▶ _Task requirements_
Could you retype exactly the line containing "TOM FORD OM" and every line after it in the data below, leaving out the pictures?

((

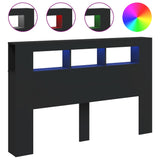 NNEVL LED Headboard Black 160 cm Engineered Wood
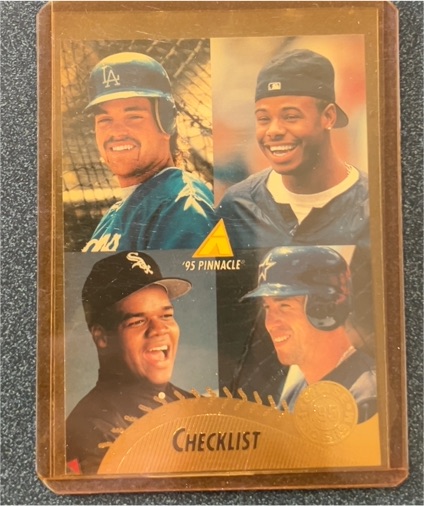 1995 Pinnacle #450 Ken Griffey Jr., Mike Piazza, Frank Thomas, Jeff Bagwell — front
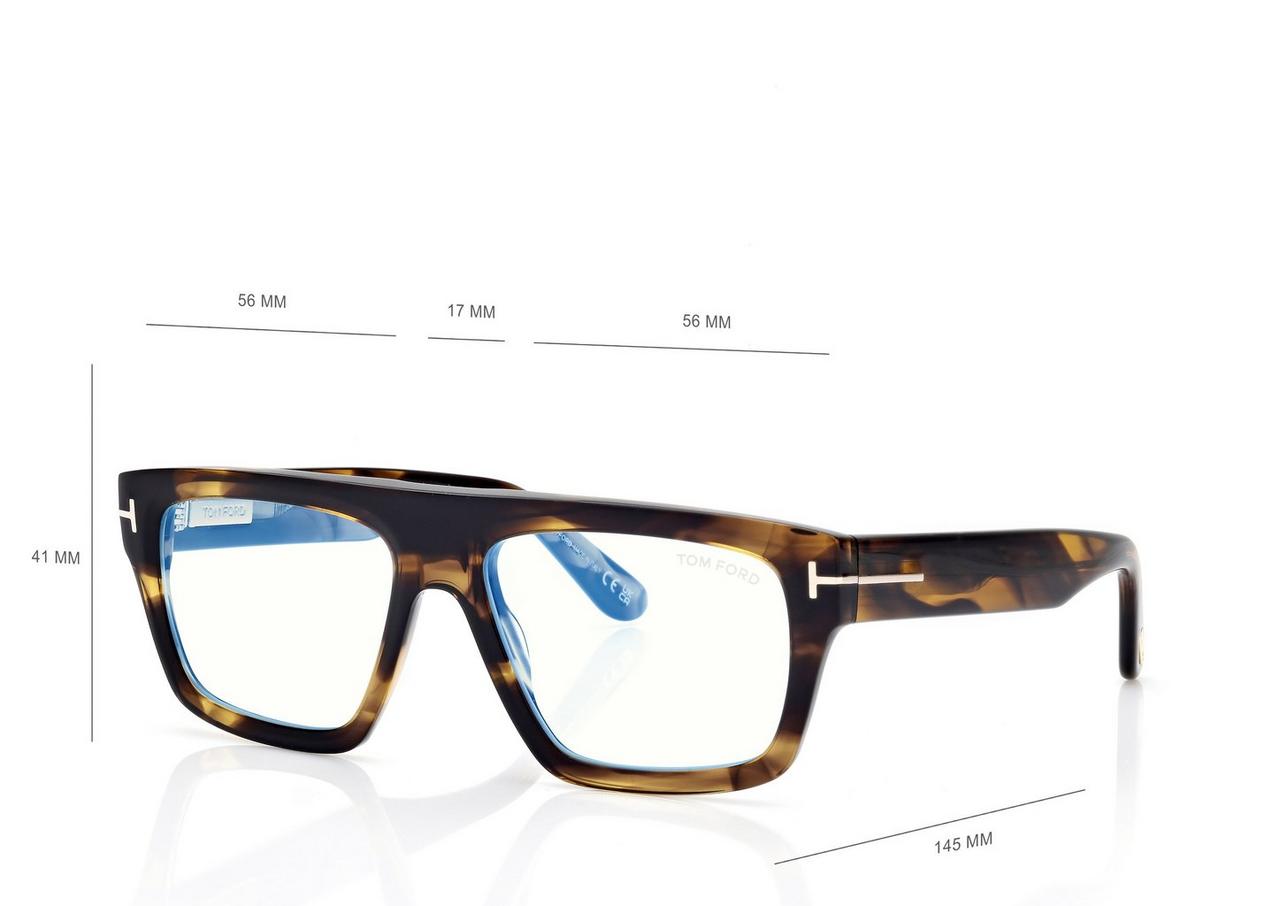 TOM FORD OM STRIPED BLACK HAVANA RECHTECKIGE BRILLE MIT BLAULICHTFILTER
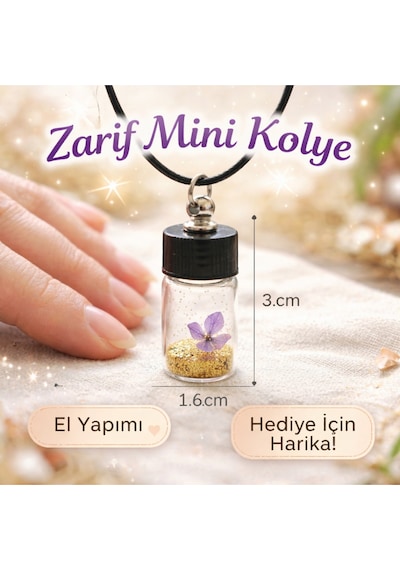 2cc Çevirmeli Su Geçirmez Kapak 3cm Gerçek Cam Şişe Kolye İlaç Tohum Dilek Kapsül Siyah
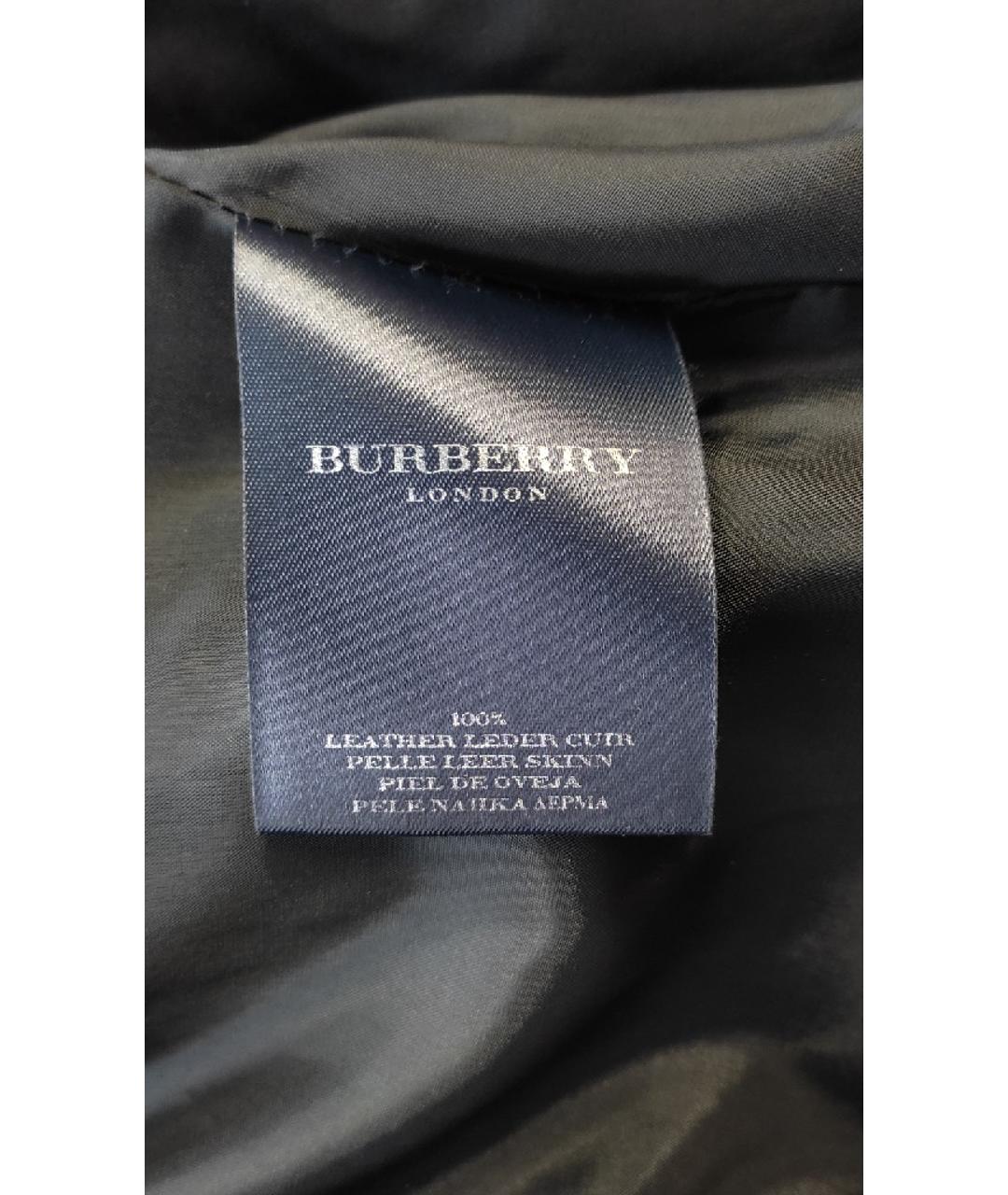 BURBERRY Черная кожаная куртка, фото 6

))

▶ _Answer space_
 TOM FORD OM STRIPED BLACK HAVANA RECHTECKIGE BRILLE MIT BLAULICHTFILTER
 2cc Çevirmeli Su Geçirmez Kapak 3cm Gerçek Cam Şişe Kolye İlaç Tohum Dilek Kapsül Siyah
 BURBERRY Черная кожаная куртка, фото 6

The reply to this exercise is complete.